Öte yandan 2010 yılının kasım ayında aynı endeks 116.8 idi. Demek ki sanayi üretimi bir yılda yüzde 8.4 artmıştır. Bir önceki aya göre, yani 2011 ekim ayına göre de yüzde 8.6 düşmüştür.
Sanayi GSYH da büyümeyi etkiler. Söz gelimi, 2011yılı 9 aylık büyümesinde sanayi sektörünün payı yüzde 26.9 olmuştur. Kasım ayında sanayi üretim endeksinin bir yıl önceye göre artması, bir ay önceye göre de düşmesi, 2011 yılı son çeyreğinde de büyümenin çok düşük olmayacağını ve fakat önceki üç çeyreğe göre bir iniş yapacağını gösteriyor.
Alt sektörlere göre ise, bir önceki yıla göre en fazla artan sektör dayanıklı tüketim malı üretimi olmuştur. Dayanıklı tüketim malı üretimi bir yıl önceye göre yüzde 19.5 oranında artmıştır.
Merkez Bankası ve TÜİK’in birlikte hazırladığı Tüketici Güven Endeksi’nde, kasım ayı için dayanıklı tüketim mallarına olan talep de belirleniyor. Bu endekste “mevcut dönemin dayanıklı tüketim malı satın almak için uygunluğu” artmış görünüyor. Başka bir ifade ile kasım ayında dayanıklı tüketim malına olan talep artmıştır.
İthalata bağımlı olmamalı
Alt sektörler itibariyle sermaye malı üretiminde de yüzde 15.9 artış olmuştur. Sermaye malı üretiminde artış olması, potansiyel üretimi olumlu etkileyecektir.
Sanayi üretiminde temel sorun, ithal ara malı ve hammadde girdi oranının azaltmak ve sanayi üretiminde daha yüksek katma değer yaratmak olmalıdır.

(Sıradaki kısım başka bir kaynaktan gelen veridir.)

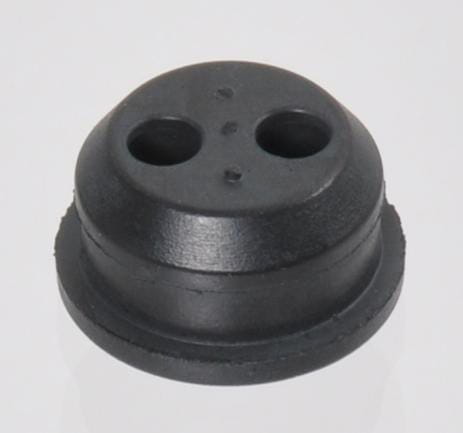 Tuleja gumowa węża paliwowego 17504ZM3003 - Intertraktor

Bunun için de, sanayi üretimini yeniden yapılandırmak zorundayız. Eğer döviz kurları bugünkü denge kur seviyesinde kalırsa, yani ortalama olarak bir dolar 1.90 seviyesini korursa, sanayi sektörü ara malı ve hammaddeyi ithal etmek yerine, bu malları içeriden satın almayı tercih edecektir. Bu nedenle Hükümetin ve MB’nin bazı kararlar alması gerekir...

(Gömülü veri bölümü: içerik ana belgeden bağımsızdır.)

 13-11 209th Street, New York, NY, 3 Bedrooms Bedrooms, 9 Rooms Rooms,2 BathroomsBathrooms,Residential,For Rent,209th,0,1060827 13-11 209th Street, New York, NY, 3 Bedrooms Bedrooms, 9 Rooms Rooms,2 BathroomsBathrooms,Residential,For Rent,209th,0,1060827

Her şeyden önce, ithalata bağımlı olmayan bir sanayileşmenin sağlanması için bir-iki yıllık bir geçiş süreci belirlemek gerekir. Bu süreçte Hükümetin içeride ara malı üretimini teşvik etmesi, bunun için de KOBİ’lere desteği artırması gerekir. Ayrıca bu malların üretiminde teknoloji tedarikinde, kalite ve verimlilik açısından, KOBİ’lere destek olması, yardımcı olması gerekir. Bu anlamda hükümetin, üniversite ve sanayi işbirliğinin önündeki yasal engelleri kaldırması, Ar-Ge desteği sağlaması gerekir.
Merkez Bankası’nın ise, 2012’de TL doları yener şeklindeki saçmalıklardan vazgeçmesi gerekir. Eğer TL yeniden değer kazanırsa yani kurlar düşerse, ithal ara malı ve hammadde cazibesini koruyacak ve yerli üretim ithal ara malı ile rekabet edemeyecektir.
Ekonomik krizlerde, bağımsız sanayiye sahip olan ülkeler, daha kolay kurtarır. Spekülatif finans sektörünün etkisinde olan bir piyasaya sahip ve ithalata bağımlı büyüme yaşayan ülkeler ise ekonomik krizlerde daha hızlı çöker.